Las últimas dos semanas, las más intensas del año de la cartelera en vivo en Santiago, han expuesto en alta resolución las dos caras del envejecimiento del rock y la electrónica. El encanto de algunas citas de la primera casilla, envalentonado por el reencuentro con músicos legendarios, impuso inicialmente el elemento emotivo como catalizador. Hay que ser de piedra para no regocijarse ante las alineaciones clásicas de Red Hot Chilli Peppers y Blur, disfrutar del garbo y las agudezas de Pulp vía Jarvis Cocker, o conmoverse ante el ataque masivo a los sentidos y los cimientos morales, que Roger Waters propone con cada uno de sus retóricos espectáculos.

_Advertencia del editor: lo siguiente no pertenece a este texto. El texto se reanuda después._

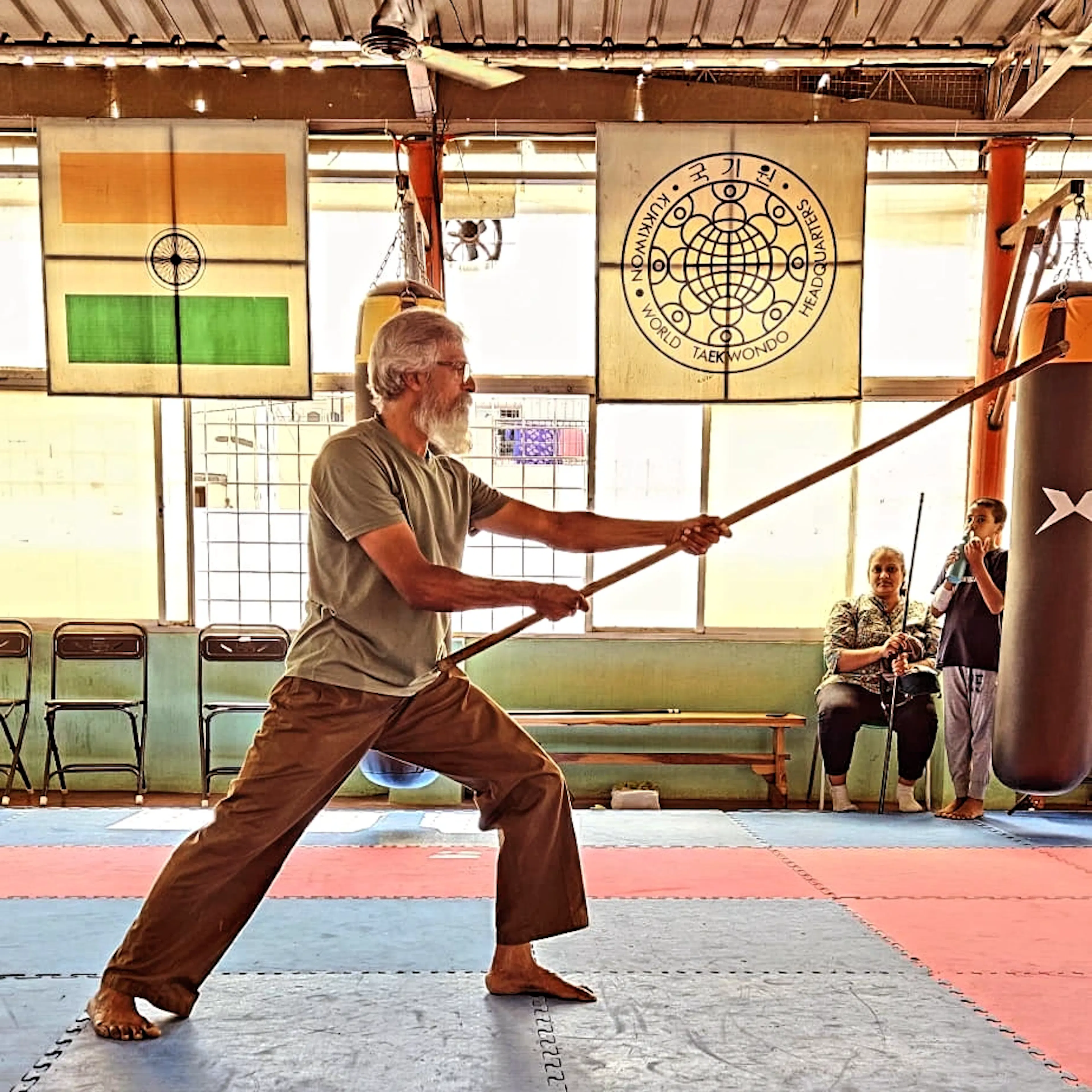 Master KK demonstrating the Silambam staff technique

En el caso del género conectado a teclados, máquinas y pantallas, propuestas exuberantes y creativas como la de Róisín Murphy (ex Moloko) en el festival Fauna Primavera, y el retorno triunfal de Pet Shop Boys en un Movistar Arena peligrosamente sobrevendido, dejaron en evidencia que en materia de frescura el synth pop y la electrónica en general, juegan con ventaja frente a los clásicos del rock; géneros nacidos y popularizados en el siglo XX, uno cruzó la barrera hacia el nuevo milenio con natural facilidad, acorde a la propia cotidianidad familiarizada con las pantallas y las teclas, mientras el otro parece rezagado y pendiente del pasado.

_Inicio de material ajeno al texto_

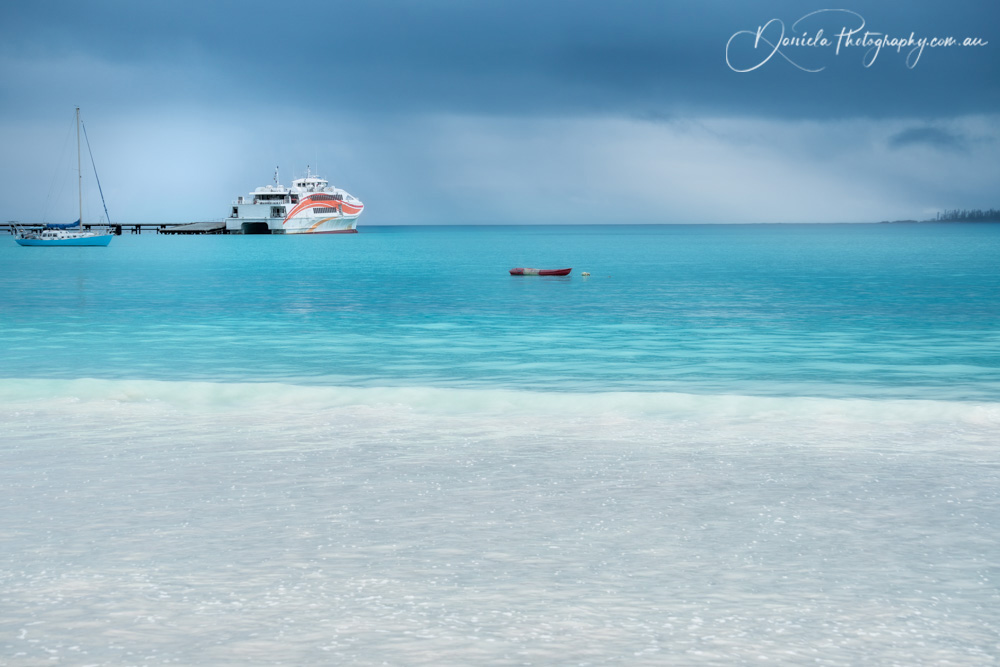 Beautiful light at the horizon on a rainy day at Kuto Bay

Las primeras impresiones cambian y contrastan con el correr de los días. Blur y Pulp, emblemas noventeros, fueron números de apariencia más antigua, desgastada y chirriante, que el dúo de Neil Tennant y Chris Lowe, cuya carrera brilló una década antes que el Britpop. Su espectáculo de grandes éxitos no es un viejo wurlitzer, sino que posee una dinámica y una estética que se desplaza elegante linkeando periodos, siempre en dirección al presente y el futuro. El concierto fue un musical, una disco y una rave, entre otros giros. En cambio, Blur y Pulp parecen mirar hacia atrás mediante música, estética y actitud con retrovisor.

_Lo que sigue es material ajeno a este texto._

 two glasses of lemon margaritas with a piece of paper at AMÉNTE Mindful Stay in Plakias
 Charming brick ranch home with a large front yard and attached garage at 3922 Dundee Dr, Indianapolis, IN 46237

Tal como Roger Waters, Róisín Murphy también dispone de elementos extramusicales para convertir un concierto en una experiencia mayor. Los videos son ingeniosos, y utiliza vestuarios extravagantes que revelan una veta avant garde, con pellizcos sarcásticos y humorísticos. Su número depara una seguidilla de giros musicales y visuales de encantador vértigo, con una base electrónica elástica.
No podemos decir lo mismo del ex líder de Pink Floyd, profundamente embebido de una mirada mesiánica que divide el mundo entre buenos y malos sin matices, con él siempre dispuesto a señalar el lado correcto. Dispone de la grandilocuencia y los recursos, pero es predecible, discursivo y aleccionador.
La música popular que encanta masivamente a la juventud está dominada por las máquinas. Es un gallito que partió en los 70, cuando el pop inició su fabricación masiva en sintetizadores y secuenciadores, gracias a una generación de músicos y productores maravillada con Kraftwerk. Las máquinas siguieron progresando mientras las guitarras, los bajos y las baterías son elementos análogos, donde lo clásico y lo vintage posee alta valoración. Son dos mundos creativos y de performance en directo, que orbitan espacios temporales distintos.
“Voy a llegar a la gran máquina”, cantó Jorge González en Muevan las industrias, el primer éxito de Los Prisioneros convertidos en una banda electrónica que no necesitaba de un riff, un solo de guitarra eléctrica, o la propulsión de una batería convencional. El músico de San Miguel sabía que el futuro estaba más cerca de Depeche Mode y Pet Shop Boys, que de las venerables guitarras afiladas de The Clash. El tiempo lo confirmó.